Vertical integration of the pixel electronics requires a high density interconnection technology. Inter- connection is usually done by thermocompression. The thermocompression interconnection technology involves deposition of metallic (Cu) pads on both wafers to be interconnected. The connection is es- tablished by bringing the wafers together and applying a pressure at high temperature. The wafers are then connected at the exposed Cu pads by thermal vibrations of the Cu atoms. This connection has a very small resistivity (comparable with Cu) and a small pitch of the order of a fewµm can be achieved. Unlike the bump-bonding technology, once the chip assembly is interconnected, it can not be reworked if needed.
Fabrication of large silicon chips routinely achieves a yield of 50-80% (depending on complexity). When two tiers are fabricated with a non-standard process (including TSV) and are interconnected, the yield can easily drop to very low levels. Yield optimization and design for testing is of the central importance in the design of the 3D electronics. Complex integrated circuits consume and also dissipate large power. The ability to dissipate heat is proportional to the surface area of the silicon chip. When integrating several tiers on top of each other, the dissipated heat can easily increase several times, while the surface area radiating heat remains constant. An unequal power consumption between different tiers can lead to a thermal stress, which can eventually break the connections between the tiers.
To summarize, the design of 3D electronics requires to pay an increased attention at: • Yield optimization of each tier
• DFT (Design For Testing)
• Equal power consumption between tiers to minimize thermal stress • Minimization of power consumption
4.3.2 FE-TC4
FE-TC4 is a prototype chip designed in 130 nm technology allowing vertical integration. The design of this chip is based on the design of the FE-I4 and has been submitted in April 2009 within a MPW run organized by the HEP 3D consortium [59], lead by Fermilab. A micrograph of one reticle of the silicon wafer with multiple designs is shown in Figure4.12(a).

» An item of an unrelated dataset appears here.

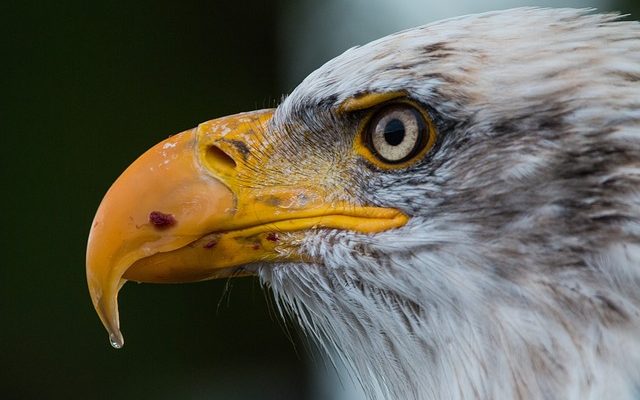 Comment peindre des armoires en stratifié blanc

Figure 4.12: A micrograph of a silicon wafer (a) shows one reticle containing multiple designs. Red rectangles mark designs belonging to the FE-TC4 project. A concept of vertical integration of analog and digital tier of the FE-TC4 chip is show in Figure (b).
Analog and digital parts of the pixels are located on different silicon dies designed to be vertically integrated after the electronics is processed as shown in Figure4.12(b). Both tiers were processed on the same wafer in the way that they can be combined with their counterparts from another wafer. This particular technology uses the via first TSV with the via diameter of 1.2µm and via pitch of 2.5 µm, and depth of about 10µm. Both tiers have been tested separately (before interconnection). Their electrical parameters are comparable with the FE electronics integrated on the FE-I4. However, certain difficulties have been faced in order to produce a full 3D assembly, which has been finally delivered for testing in late 2012. More details about the FE-TC4 can be found in [60], [61].